The formulas use power functions (height and weight raised to non-integer exponents) because the relationship between linear body dimensions, mass, and surface area follows an allometric scaling law rather than a simple linear relationship. Surface area scales approximately with the 2/3 power of body mass for geometrically similar bodies.

Frequently Asked Questions

Why is BSA used for drug dosing instead of weight?

BSA correlates more closely than weight with several physiological parameters that affect drug metabolism, including cardiac output, blood volume, renal function, and basal metabolic rate. Using BSA-based dosing produces more consistent drug plasma levels across patients of different sizes compared to weight-based dosing. This is particularly important for drugs with narrow therapeutic windows, like chemotherapy agents, where small dosing errors can lead to either toxicity or treatment failure.

Which BSA formula is best?

The Mosteller formula is often recommended for general clinical use due to its simplicity and accuracy. The Du Bois formula is the most historically cited and remains widely used. For pediatric patients, the Haycock formula is often preferred. In practice, the differences between formulas are small (typically less than 5% for most patients). Consistency — using the same formula throughout a patient's treatment — is more important than the specific formula chosen.

How does obesity affect BSA calculations?

Standard BSA formulas using actual body weight may overestimate BSA in obese patients because excess adipose tissue does not proportionally increase body surface area. This can lead to chemotherapy overdosing. Some oncology protocols address this by capping BSA at 2.0 m², using adjusted body weight, or specifying that actual body weight should still be used (following ASCO guidelines). Always follow the specific dosing protocol for the drug being administered.

Can BSA be measured directly?

Direct measurement of BSA is possible but impractical for routine clinical use. Historical methods involved coating the body surface with material and measuring the area, or using 3D body scanning technology. These direct measurements were used to validate the mathematical formulas. For clinical practice, formula-based estimation is universally accepted and provides sufficient accuracy for its intended applications.

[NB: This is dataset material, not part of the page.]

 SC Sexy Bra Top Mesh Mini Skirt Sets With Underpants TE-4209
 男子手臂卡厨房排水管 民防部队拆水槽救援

What is the average BSA for adults?

The average BSA for adult men is approximately 1.7-2.0 m² and for adult women approximately 1.5-1.7 m². A commonly referenced average for adults is 1.73 m², which is also the value used to normalize glomerular filtration rate (GFR) in kidney function tests. Individual BSA varies significantly based on height and weight, with values ranging from about 1.2 m² for small adults to over 2.5 m² for very large individuals.

Is BSA different for children?

Children have a higher BSA-to-weight ratio than adults because they are proportionally shorter and lighter. A newborn has a BSA of approximately 0.2-0.25 m², while a 10-year-old typically has a BSA of approximately 1.0-1.2 m². This higher surface-area-to-mass ratio affects heat regulation, fluid requirements, and drug metabolism. Pediatric drug dosing often uses BSA rather than weight for these reasons, and formulas validated for pediatric populations (like Haycock) should be used.